Brazos Press has graciously allowed us to reprint my entire Introduction to the commentary, which you’ll find below. It provides a good primer for the rest of the commentary.


Introduction to 2 Samuel


The figure of King David has beguiled painters, poets, musicians, artists, and spiritual writers up and down the centuries. To appreciate the hold of this character on the imagination, one has only to think of the sculptures of David by Donatello, Michelangelo, and Bernini, paintings of David by Rembrandt and Chagall, literary portraits of the Israelite king by figures as diverse as John Dryden, Joseph Heller, and Robert Pinsky, and musical celebrations of David from Handel to Leonard Cohen. What accounts for this fascination? With the possible exception of Jesus himself, David is the most fully developed character in the Bible. The author of the “Samuel literature” (a term I will use throughout this commentary to designate the books of 1 and 2 Samuel construed as one text) allows us to see almost the entire arc of David’s life, from his boyhood preoccupations with the flock of his father, Jesse, through his adventure with Goliath, his struggle with Saul, his ascension to power as king, his establishment of empire, his terrible moral failing, his humiliation by his son Absalom, and his painful and conflicted old age. No other figure in the Old Testament—neither Abraham nor Jacob nor Moses nor Isaiah nor Jeremiah—is characterized with such thoroughness and psychological perceptiveness. I find myself in agreement with Robert Pinsky’s rejoinder to those who would suggest that David was but a literary invention. The former poet laureate of the Unites States argued that a story as textured and psychologically credible as David’s could only be grounded in a very real person vividly remembered.

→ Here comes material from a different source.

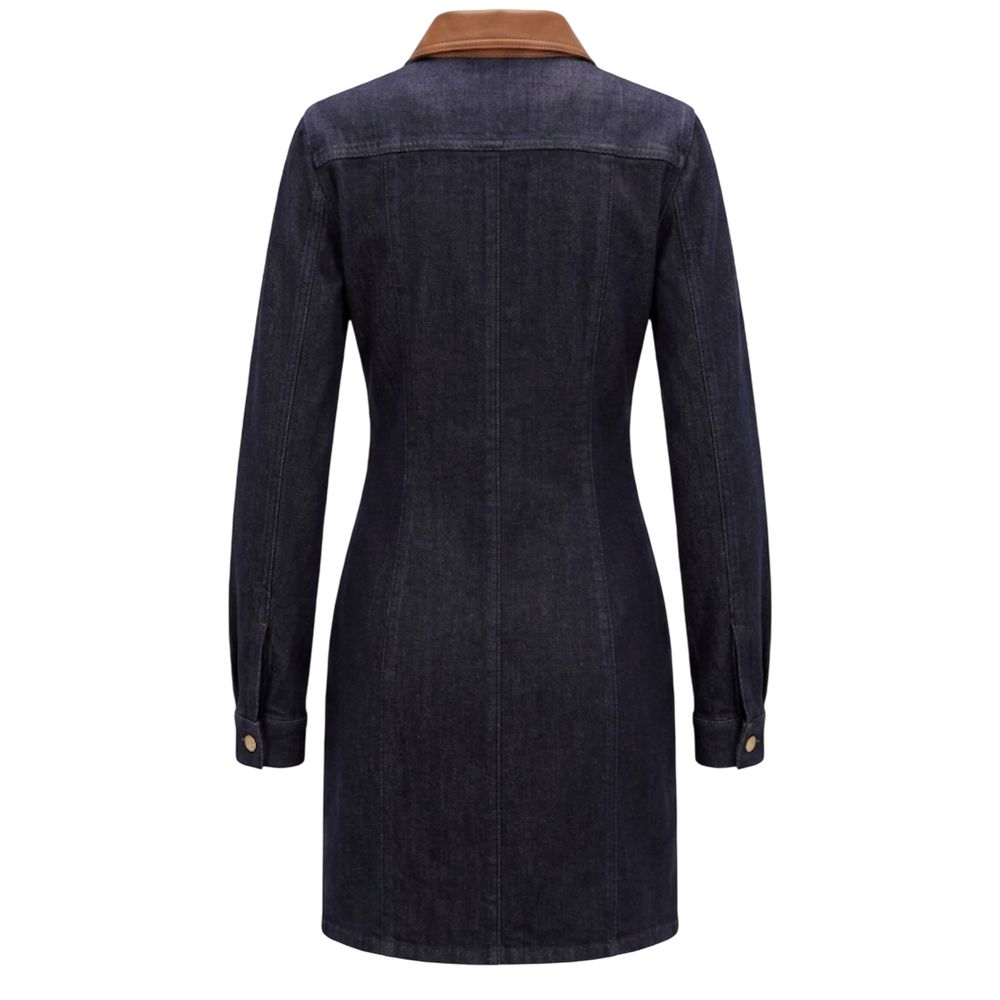 Trussardi Jeans Blaues Baumwoll-Freizeitkleid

Moreover, King David is one of the most pivotal persons in the entire corpus of scripture. He is the terminus of a trajectory that runs from Adam through Noah, Abraham, Jacob, Moses, Joshua, and Samuel. Many of God’s promises to those patriarchal and prophetic figures seemed to come to fulfillment in David’s rule over a united Israel. At the same time, David looks beyond himself to a new David, one who would definitively fulfill what he himself left incomplete and unfinished. In a word, he is perhaps the cardinal point on which the biblical revelation turns both backward and forward.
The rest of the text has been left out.